Christian Pulisic’s heroics can’t save U.S. from disappointing World Cup start
The enduring image of the national team’s failure to qualify for the last World Cup was of Christian Pulisic, his uniform stained with grass and dirt, squatting in the middle of the field with his head in his hand in frustration. As a result, getting the U.S. to Qatar this fall probably meant more to Pulisic than any other player.
“He’s one of the people that really felt the heartbreak back in 2017,” goalkeeper Matt Turner said.
In a World Cup debut Monday that was delayed four years, Pulisic put in a heroic effort only to be frustrated yet again when a late penalty-kick goal allowed Wales to steal two points with a 1-1 draw.

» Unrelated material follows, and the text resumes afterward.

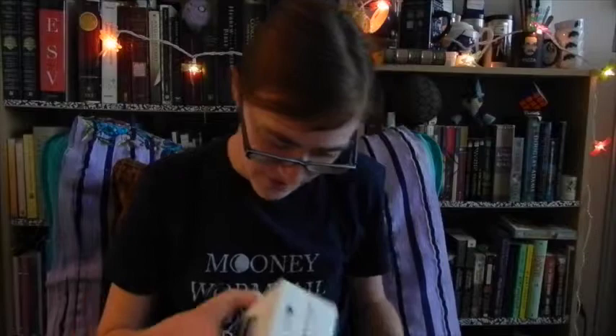I just got this package from Kickstarter. I'm going to do an unboxing. It's supposed to be a car mount, or a phone mount for my car. Let's see what we have in here.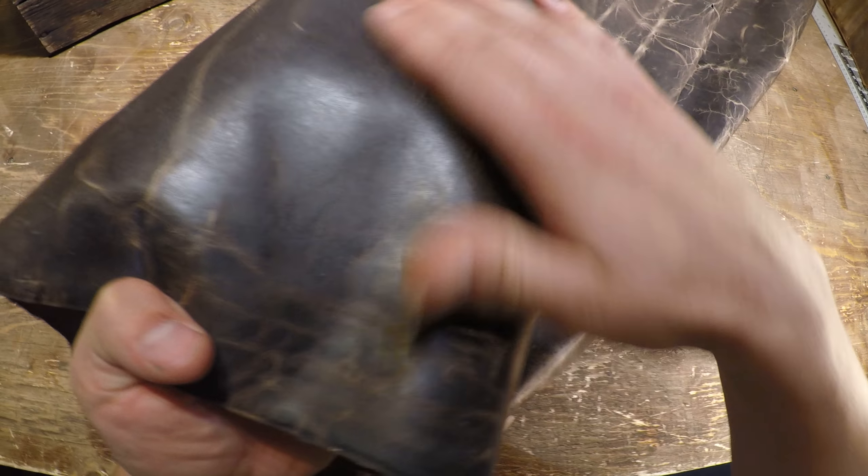Hey everyone, I've got a hide here from Horway Interview today. So this is the cracked slate pull-up. It's 3.5 ounces in weight.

“A little disappointed with how the game played out,” said defender Walker Zimmerman, whose foul in the box led to Gareth Bale‘s goal in the 82nd minute. “Being in a position with less than 15 minutes left to walk away with three points, it feels like we could have deserved a little bit more.”
FIFA threatened to sanction World Cup players wearing armbands in support of the LGBTQ community. Iran’s players refused to sing the national anthem.
And no one deserved a better result more than Pulisic, whose perfectly weighted pass freed Tim Weah for the lone U.S. goal in the 36th minute.
Playing against a Welsh team that was more physical than finesse, Pulisic was pummeled, punished and pounded. But he would not be put down.
He was bumped, bruised and battered. But he would not be beaten.
Tied, yes, but not beaten. That still leaves the U.S. with considerable control of its fate with group-play games against England and Iran ahead.
“I don’t know. I want to win,” Pulisic said when asked what drove him to keeping lifting himself off the well-manicured turf at Ahmad Bin Ali Stadium, only to get knocked down again. “I’m very competitive. I love this team so much. I’m honored to play in a World Cup for my country.
“So the least I can do is give it everything I have.”
Pulisic might have been the one constant for the U.S. in what proved to be a game of two halves.
The Americans came out aggressively, swarming to the ball in a first half during which they held the ball for 30 of the 45 minutes, outpassed Wales nearly two to one, and took the only shot on goal, which Weah put in the back of the net. It was Pulisic who made the goal happen, taking a chested ball off a pass from Josh Sargent near midfield and making a long broken-field run before pushing a pass forward for Weah, who split two defenders at the top of the box then flicked the ball by sliding Welsh keeper Wayne Hennessey.
“Playing with Christian is amazing,” Weah said. “Over the years we’ve gained a connection. Once he gets the ball, I just have to run it behind them.
“He fights for the team. You can’t ask for anything [more]. Definitely a leader.”
The score gave Weah one more World Cup goal than his father George, who before becoming president of Liberia was a three-time African player of the year and a former world player of the year. Yet despite his achievements, he never played in a World Cup.
The U.S. could get no more despite its early domination. Some opening-night jitters and fatigue among the young Americans combined with a couple of halftime adjustments by Wales allowed the Welsh to dominate the second half. Bale eventually pulled his team even when his left-footed blast from the penalty spot got by Turner, who guessed correctly by diving to his right, but couldn’t get enough of his gloved hands on the shot to stop it.
Turner was nearly burned by Bale again deep in stoppage time. After the keeper sprinted well off his line to break up a counterattack, Bale ran to the loose ball just inside the U.S. half and began lining up a shot at the distant but open net before Kellyn Acosta grabbed his LAFC teammate around the shoulders to prevent the shot.
“A professional foul,” Zimmerman said of Acosta’s quick thinking, which earned him a yellow card.
“We talked about it before the game — every play matters,” said U.S. coach Gregg Berhalter, the only American to play and manage the U.S. in a World Cup. “Every single play can have an outcome on the game.”
What matters now is how the U.S. responds to a draw that felt a little like a loss.
“It’s disappointing for sure after such a good start,” Pulisic said. “A point in the first game, it’s better than none. We have to move on, learn from this. It’s our first World Cup game. Now it’s just time to focus on the next one.”
Added Turner of the challenge ahead: “If it was easy, everyone would do it. For us, it’s focusing on the fact that it was a good start. You take a point and you keep moving forward.”